Under the refugee visa, she qualifies for Medicare but says it is difficult to articulate her medical concerns to health practitioners, particularly when her documents don't show her true age.
Karl Shami, a lawyer with Maurice Blackburn, is assisting members of the Tibetan community in Victoria with their applications to have their real age recognised.

A woman with Tibetan flags at a street market in McLeod Ganj, India, earlier this year. Source: AFP/Getty Images
He says the applications, by their nature, will be challenging to mount and will be assessed individually.
“We are dealing with a group of people who fled their home country many years ago and they have come from a country which doesn’t keep strong records in the way that we might here in Australia.
“So, a lot of that information might be lacking or doesn’t exist, making it quite difficult for them to piece together their supporting documentation and evidence.”
Lobsang's story
Only a couple of floors above Lodoe, in the same Melbourne apartment complex, lives Tibetan refugee and artist Lobsang Dhoyou. His unit is decorated with traditional Tibetan art, most of which he has made.
He shows off his decorative papier-mâché masks of deities, often used for 'cham' dances performed by Tibetan Buddhist monks.
He has been trying since he arrived in Australia in 2014 to change his official identification documents but has had no luck. His documents state he is 46 - he says he is 56.

Lobsang Dhoyou has previously failed in getting his birth date changed. Source: SBS News
“I put in an application to the immigration department which was previously rejected. They found I did not have sufficient evidence to prove my actual age," Lobsang says in Tibetan.
“But I worry about my health, and worry that without correct identification documents, it will be an uphill journey getting my health cared for.”
They found I did not have sufficient evidence to prove my actual age. - Lobsang Dhoyou
The devout Buddhist activist protested for Tibetan independence at the 1988 rallies in the capital Lhasa. He was arrested by local authorities and imprisoned for two and a half years.
He says while in jail he was tortured and after his release had little choice but to leave Tibet. He escaped across the Himalayan border with Nepal on foot and then fled to India.
“After I arrived in India, I needed to obtain the registration certificate to allow me to legally stay in the country, and so I had to reduce my age so that I could fit into that system.”
Lobsang says he too has little documentation from Tibet to prove his actual age other than a household register book, but due to translation errors of his Tibetan name to Chinese when he lived in Tibet, and then his Chinese name to English, the Australian Government did not accept it.
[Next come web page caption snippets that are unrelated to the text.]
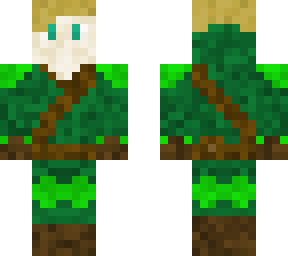smp rebellion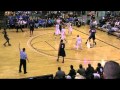Myck Kabongo Highlights From Mike Miller Classic Findlay Prep Basketball Www Myrecruitez Com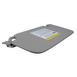 Sun Visor - Right (XL)
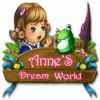 Žaidimas Anne's Dream World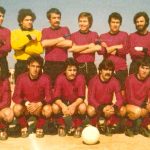 FUTBOL-ATL-PINTO-55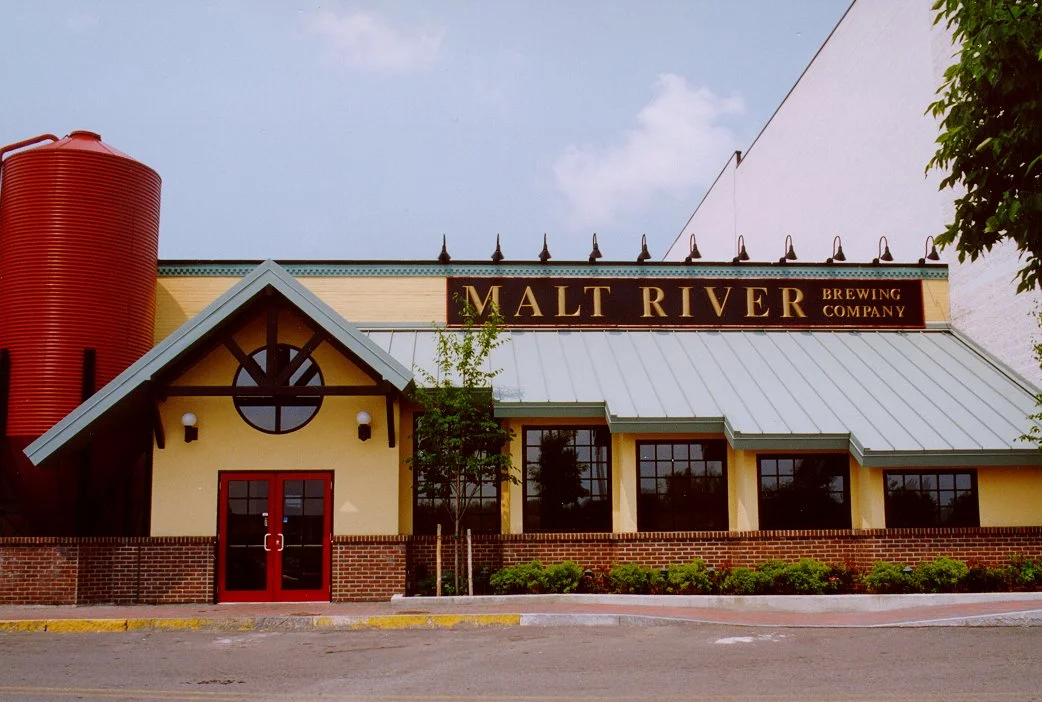 Malt2.jpg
For Lodoe and Lobsang, who both understand only a little English, they hope that by doing their best to speak out about their situation will help their community to resolve the issue.
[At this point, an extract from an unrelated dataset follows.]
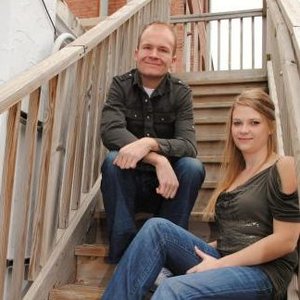 Profile Picture of Shayla Stater (@shayla_danae) on Myspace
Lobsang's documentation says he is 46. He says he is 56. Source: Supplied by Danyal Syed
The Home Affairs Department told SBS News it is aware members of the Tibetan community in Australia have experienced difficulties in providing sufficient identity documents to satisfy the evidentiary requirements under the Privacy Act 1988.
The department said it has worked with individuals to explore options under the ImmiCard program. An ImmiCard is issued to certain visa holders who don’t have and can’t obtain a passport recognised by the Australian Government, according to the department's website.
The department said its policy for correcting personal information is "evidence-based to ensure the integrity of maintaining a single identity record for each non-citizen in Australia" and each case will be considered on a case-by-case basis.